オススメ度 ★★★★★ 5/5
1991年厚木と山手で同時発生した男児誘拐事件、厚木の被害者は直後に無事保護され、山手の被害者は3年後祖母の家に戻ってきた。時効を過ぎた2021年、新聞記者の門田次郎(もんでんじろう)が空白の3年間を追う。
物語は誘拐事件を担当していた刑事中澤(なかざわ)の死をきっかけに、空白の3年間を追うことを決意した新聞記者の門田次郎(もんでんじろう)と、もう一方で画廊を経営する30代の女性土屋里穂(つちやりほ)の視点で進む。

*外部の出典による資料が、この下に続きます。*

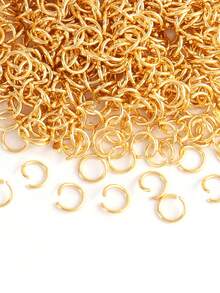 100-200pcs Stainless Steel Open Jump Rings Split Ring Connectors For DIY Jewelry Making Wholesale Supply Handmade Craft Materials Open Rings Metal Link Rings Iron Rings Necklace Connectors Bracelet Accessories Silver Gold - Multicolor - View 2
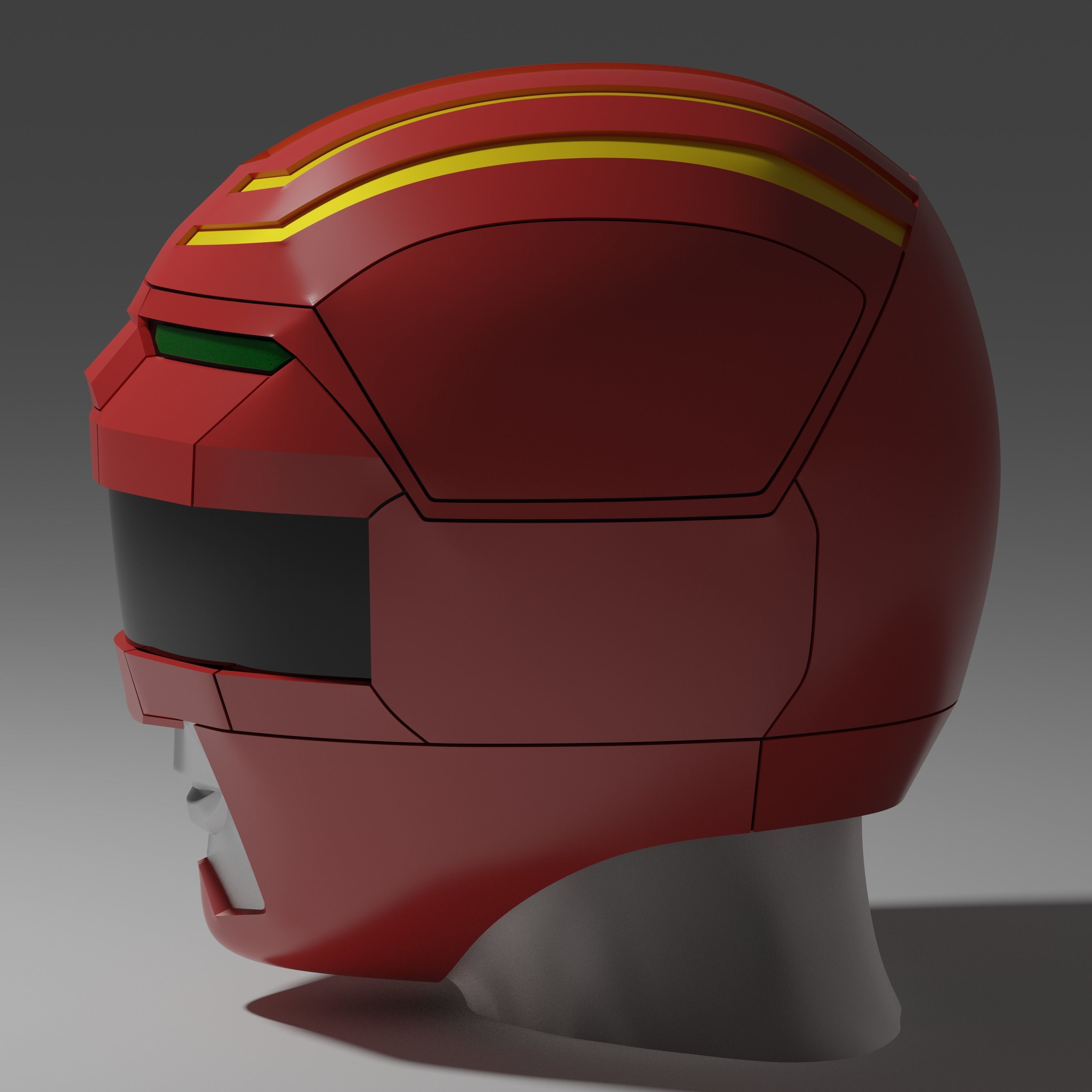 Power Rangers Lost Galaxy Inspired Red Ranger Helmet 3D print model_2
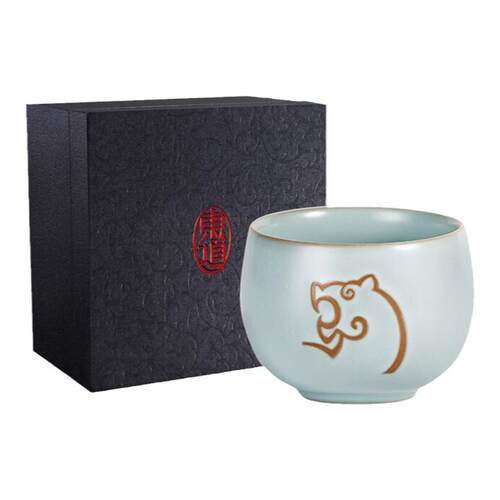 东道汝窑虎年生肖系列功夫茶具品茗主人杯可养汝瓷虎虎生威杯天青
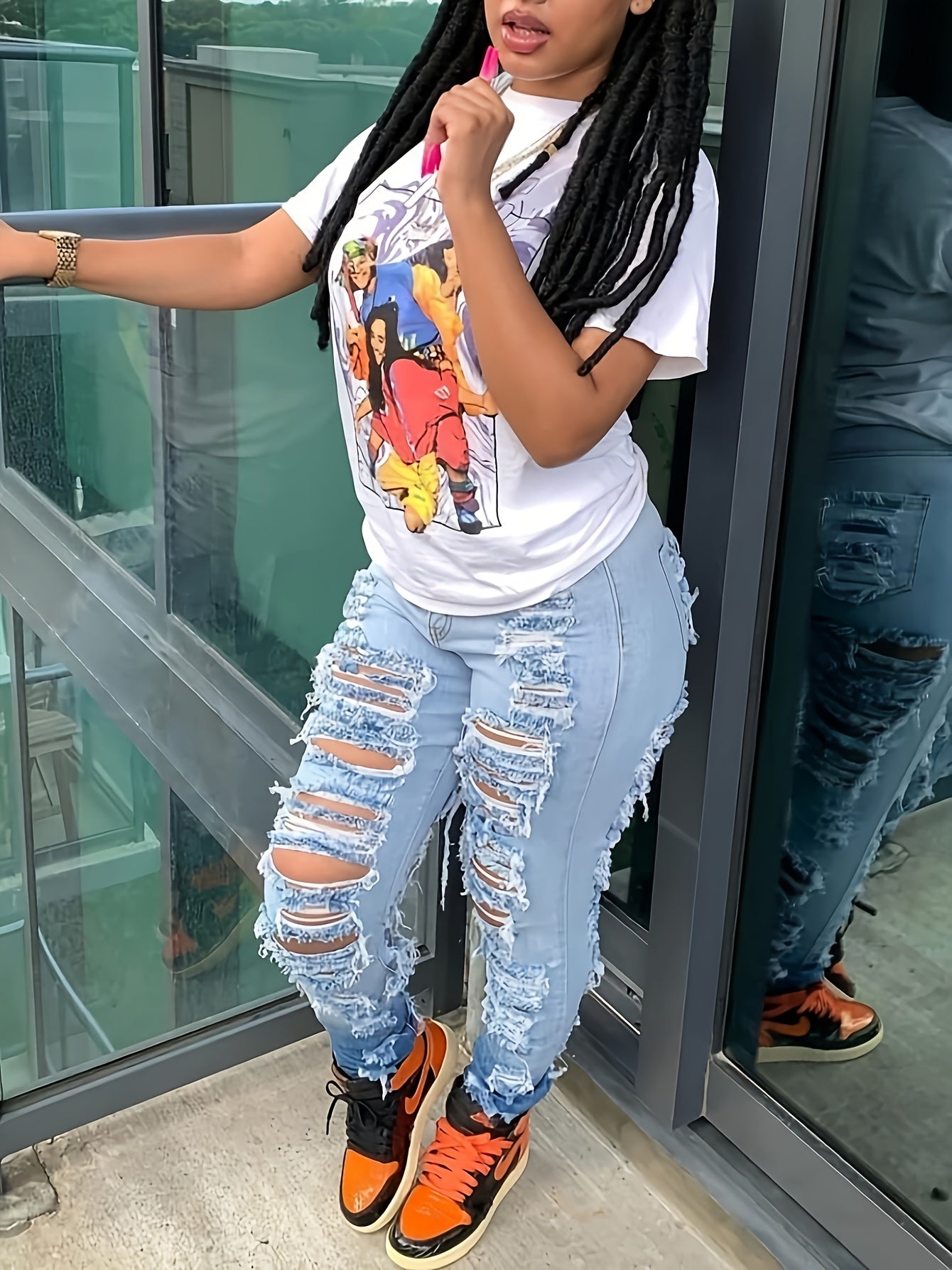 Jeans para mujer de corte casual ajustado, con alta elasticidad y talla grande, en color degradado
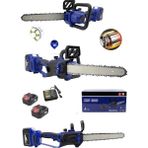 SCHUTZENGER Germany Çok Güçlü Çift Akülü Şarjlı Testere Ağaç Odun Dal Kesme Motoru Hızar 30 cm Pala Boyu Blue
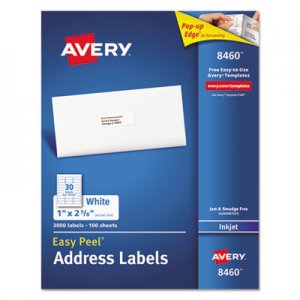 Avery 8460 Easy Peel Inkjet Address Labels, 1 x 2 5/8, White, 3000/Box AVE8460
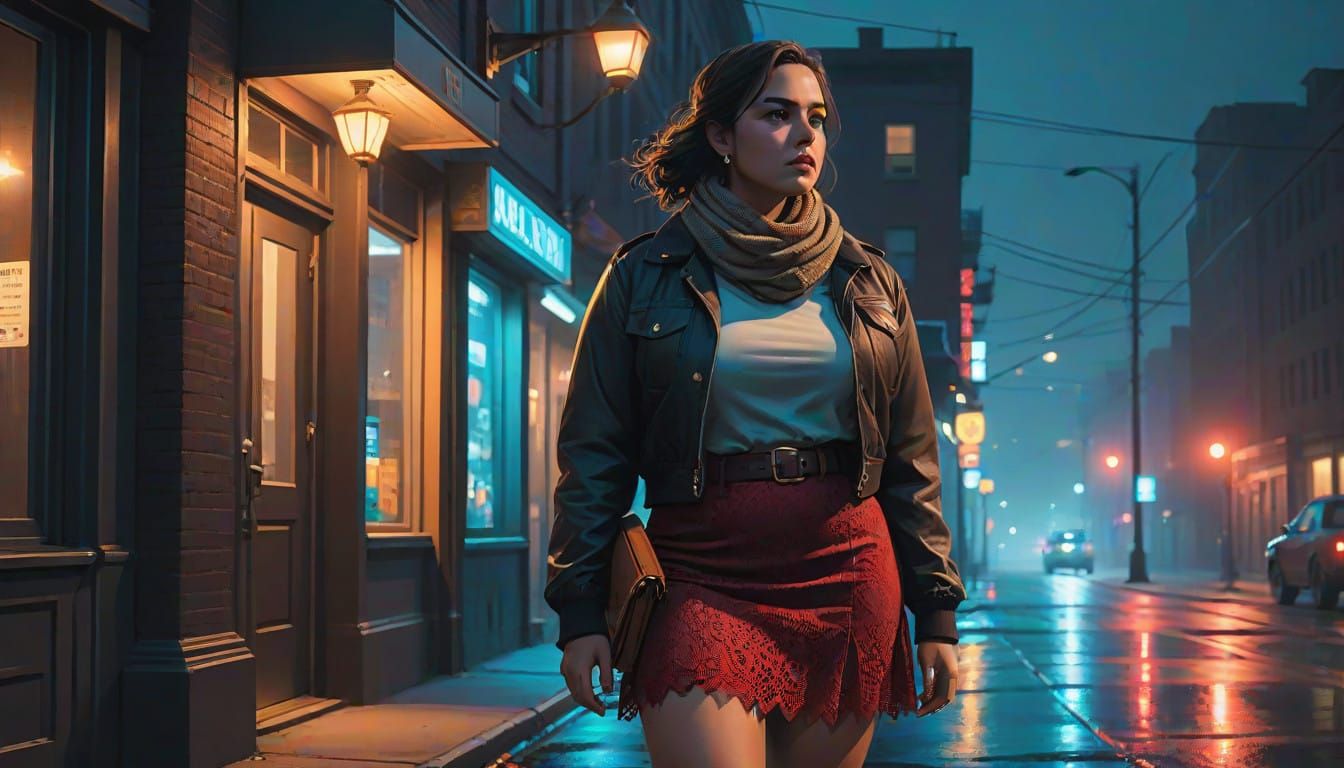 Elegant Plus-Size Arab Woman with Vermillion Lace Bells and...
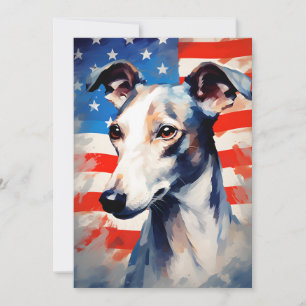 Whippet 4th of July Independence day Holiday Card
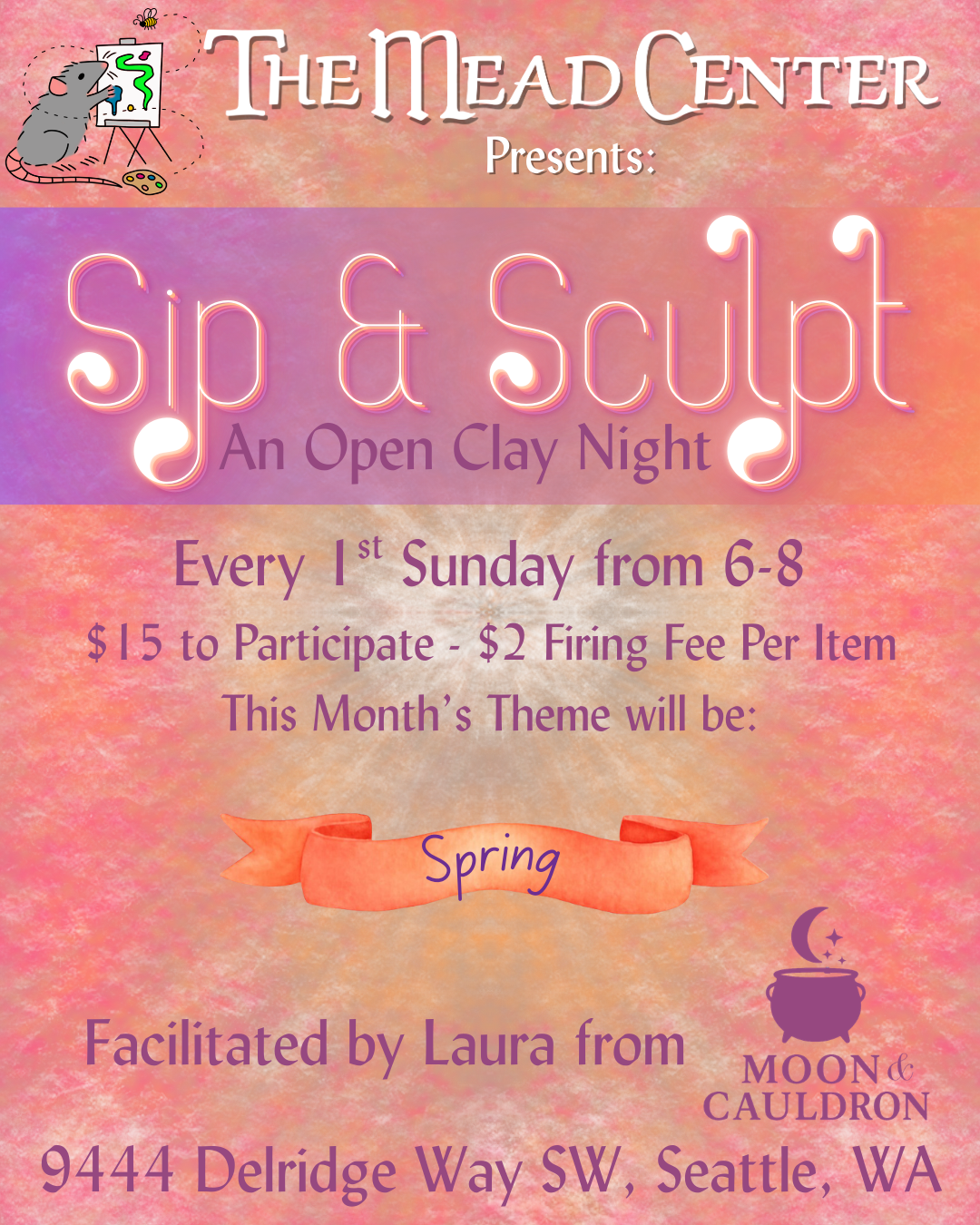 Sip & Sculpt at Mr. B's Mead Center!  An open clay night! Every 1st Sunday from 6-8. Facilitated by Laura of Moon & Cauldron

誘拐事件の被害者だった内藤亮(ないとうりょう)は現在は著名な写実画家として成功をしており、高校時代は里穂(りほ)と同級生だったのである。週刊誌で報道された同級生の近況に触れて、里穂(りほ)は過去の甘い想いに思いを馳せるのである。
並行して、門田次郎(もんでんじろう)の調査によって少しずつ誘拐事件の空白の3年間が明らかになっていく。誘拐事件と空白の3年間に対して沈黙を続ける内藤亮(ないとうりょう)との間に、一人の写実絵画家の存在が浮かび上がっていく。古い体質の美術界で大成することのできなかった才能の持ち主である彼が、一体どんな経緯を経て誘拐事件に関わることとなったのか。
その過程で写実絵画の深さや、美術界での立ち位置や、閉鎖的な美術界などが描かれる。そして次第に写実がに情熱を注ぎながらも慎ましく生きる優しい男女の姿が浮かび上がっていく。
ひさしぶりに面白い作品に出会った。登場人物がただの名前だけの存在でなく分厚い人生とともに描写されていてどの人生にも共感できる。また写実絵画という新しい世界まで見せてくれるうえに、里穂(りほ)の物語からは一途に一人の男性を想う甘い恋が描かれており、さまざまな要素を見事なバランスで一つの物語に仕上げた作品。極上の読書時間を体験させてもらった。